VinePair spoke with key parties about the deals, as well as others in the industry to understand what these purchases signal for the domestic wine market.
Unpacking E. & J. Gallo’s Recent Massican Acquisition
Gallo’s focus on luxury wine has been slow but steady, with notable purchases such as Orin Swift in 2016, Pahlmeyer in 2019, and the creation of Maze Row imports in 2020. But in 2021, Gallo also purchased 30 brands from Constellation for $810 million. The majority of the labels retailed for $11 or under and included names such as Clos du Bois, Ravenswood, and Manischewitz. The refocus on the luxury tier seems to be an about-face to the business strategy of just a couple of years ago. Rombauer wines average $42 per bottle. Massican’s average about $35.
Rombauer played a key role in the development of many of Napa’s top brands. Estates such as Duckhorn, Dominus, and Corison produced some of their earliest vintages at Rombauer’s facilities. “After the passing of our father, Koerner Rombauer, five years ago, we went through extensive planning for the future,” K.R. Rombauer writes in an email. “We came to the mutual decision that the best path forward for the winery was to transition it to another family-owned business with greater resources.”
“Rombauer is a leader in luxury wine,” writes Joe C. Gallo, VP and general manager of Gallo Luxury Wine Group, in an email. “When we learned the Rombauer family was exploring their options we felt Rombauer would be a great fit within our luxury portfolio. Once we started talking we quickly realized there was a strong cultural fit between our families and companies.”
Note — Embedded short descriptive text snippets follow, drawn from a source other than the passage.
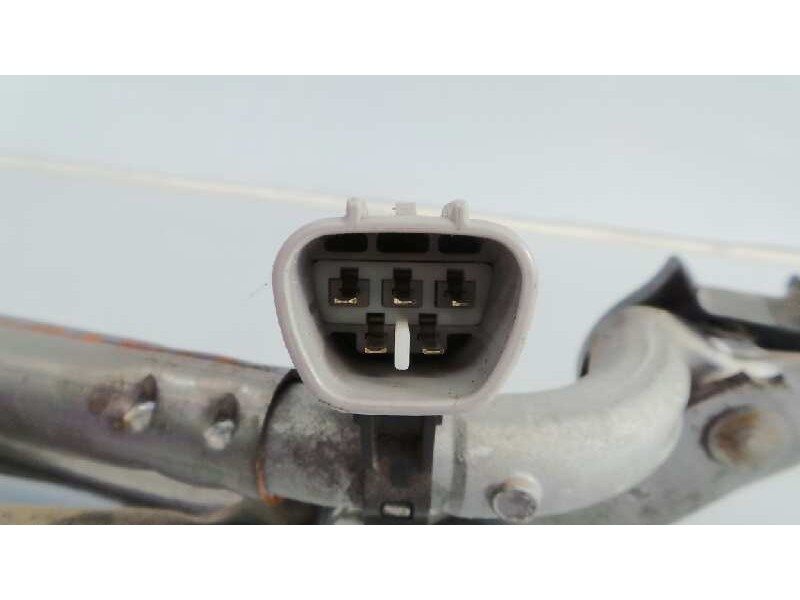 Recambio de motor limpia delantero para toyota land cruiser (j15) executive referencia OEM IAM 8511060440 1593002640 E2-B4-10-2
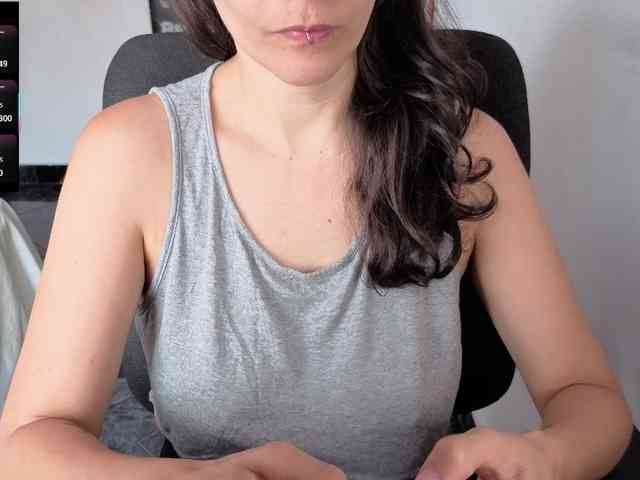 Giselle-moon webcam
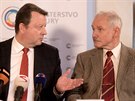 Ministr kultury Antonín Stank (vlevo) odvolal editele Národní galerie Praha...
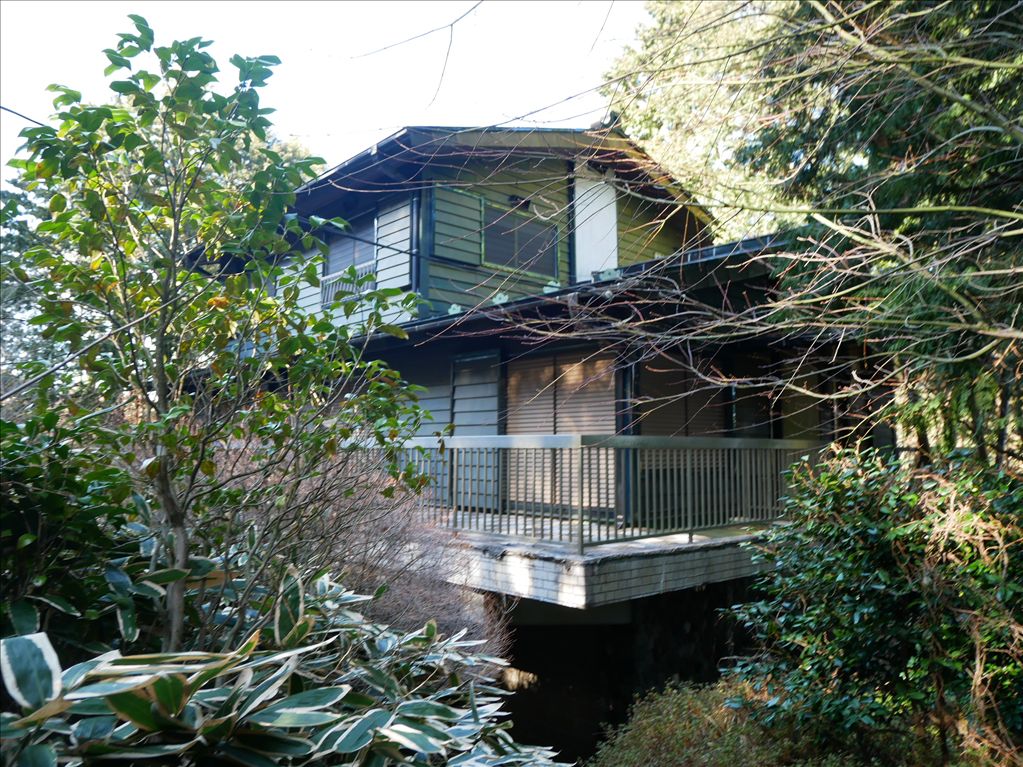 5LDK Villa with Onsen Potential in Hakone Green Village - Thumbnail 2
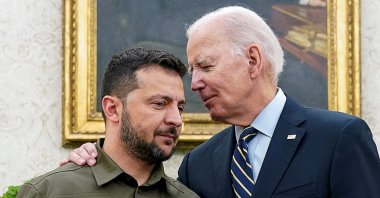 Ukrainian President Volodymyr Zelenskyy is embraced by U.S. President Joe Biden in the Oval Office of the White House in Washington, D.C., Sept. 21, 2023. (Reuters Photo)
According to Bob Knebel, president of Rombauer, Gallo was a like-minded and “strategic company with a long-term vision that would continue to honor the legacy built by the Rombauer family and would continue to nurture that customer-centric culture.”
The acquisition includes the Rombauer Estate Brand, three wineries and production facilities, two tasting rooms, and more than 700 acres of owned and sustainably farmed vineyards in Carneros, Atlas Peak, St. Helena, Calistoga, Sonoma Valley, and the Sierra Foothills. Both the winemaking and leadership teams will remain in place. Terms of the deal were not disclosed.
Both companies cite their company structures as an important element in the deal. “As a family-owned company, we have a long-term view of our industry — we don’t get distracted by short-term events,” Gallo says. Knebel agrees, noting that not being beholden to stakeholders that expect rapid financial gains allows them to be thoughtful when planning for the future.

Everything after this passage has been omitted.